Back-to-back Stanley Cup champions! Since 1998, no team has won the Cup in back to back seasons, making this achievement even more meaningful for the Pittsburgh Penguins and their fans. Without a doubt, the Pens would not have earned this accomplishment if it weren’t for Captain Sidney Crosby’s direction. This is Sid’s third Stanley Cup win over the past eight years of his career, and as he deserves, he’s been awarded the Conn Smythe Trophy as the NHL’s most valuable player for the second season in a row.

Not surprisingly, sports experts argue that Sidney Crosby exemplifies the definition of leadership. So, what can Sidney Crosby teach us about leadership? And how does Sidney Crosby’s leadership on the ice translate to successful leadership in the workplace?

Let’s take a look at three of Sidney's leadership strengths:

1. Setting the team up for success. During the Eastern Conference Final of this year, Sidney Crosby became the 22nd player in all of NHL history to have 100 career postseason assists. This means that Crosby has successfully set up his teammates to score a goal in the playoffs over 100 times in his NHL hockey career alone. Setting up others for success is just as important for workplace leadership as succeeding individually. If you aren’t providing your incumbents with the tools they need to be successful in their roles, then you aren’t doing your part as a good leader. 

Here are some tips for setting your team up for success: 

  • Set attainable goals
  • Delegate assignments that will help incumbents expand their knowledge and achieve those attainable goals
  • Provide training opportunities where needed and wanted 

2. Being a team player. It doesn’t take the point above to illustrate that Sidney Crosby did not win the Stanley Cup in back-to-back years by himself. The success of the Pittsburgh Penguins over the past two years isn’t because of Sidney Crosby alone – it’s the work that he and all his teammates have put in. As a leader, you cannot expect to excel for focusing solely on yourself. One of the most important metrics leaders should be focusing on in terms of gauging their leadership success is how well their team is performing. If you are a leader and your team is not performing up to par, it’s important to start asking yourself some important questions. These are just a few examples of questions good leaders can confidently answer with a “yes:”

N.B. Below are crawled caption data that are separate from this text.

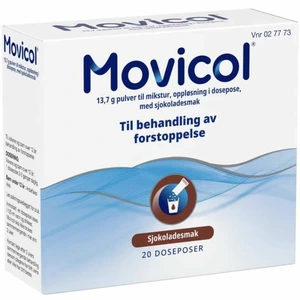 Movicol pulv til mikst, oppl med sjokoladesmak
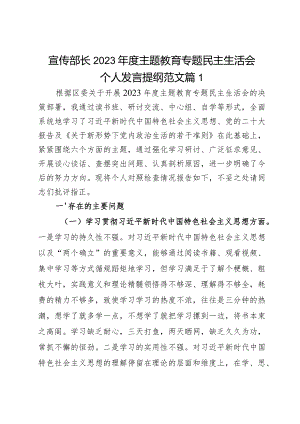 宣传部长2023年度主题教育专题民主生活会个人发言提纲范文2篇.docx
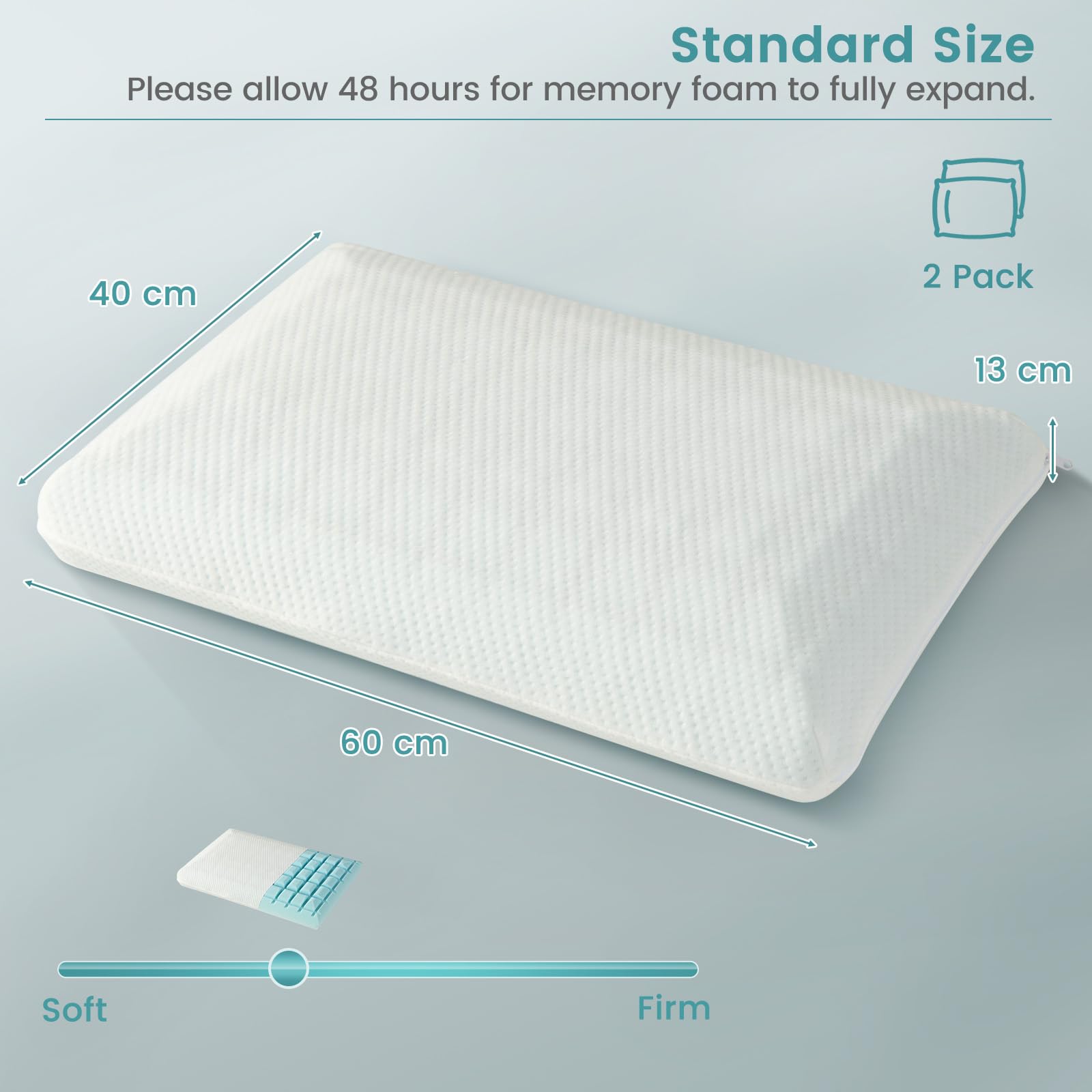 Giantex Cooling Gel Memory Foam Pillow 2 Pack, 3D Cutting Ventilated Cool Gel Pillows with Washable Cover 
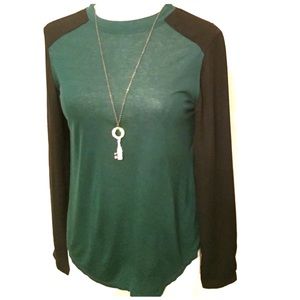 Fossil Dressy Green & Black Shirt Small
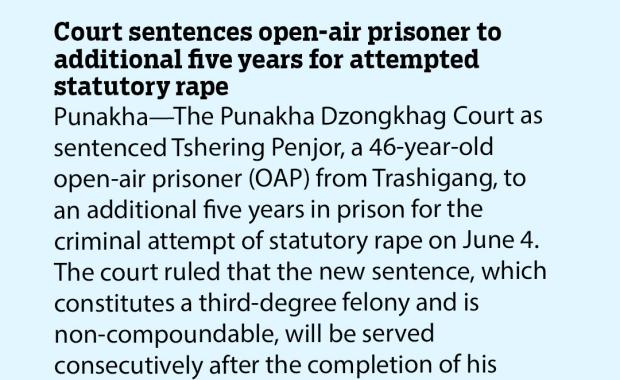 Court sentences open-air prisoner to additional five years for attempted statutory rape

  • Are you providing your team with the resources they need to perform successfully?
  • Are you communicating clearly?

Related: How to Use Assessment Results for Development

3. Having a mindset of continuous improvement. Whether it is on or off the ice, Sidney Crosby is constantly taking proactive steps to better himself and the lives of others. As one example, Crosby has taken the initiative to start a hockey school in which proceeds go to his foundation to support disadvantaged children. In terms of self-improvement, Crosby takes his offseason training seriously. For instance, the NHL reported that after the Penguins won the Stanley Cup Championship in 2009, Crosby spent his off season focusing on areas of his performance he thought to be “deficient.” Successful leaders in the workplace have similar mindsets; effective, impactful leaders are focused not only on the success of their employees, but also on how they can make themselves better leaders.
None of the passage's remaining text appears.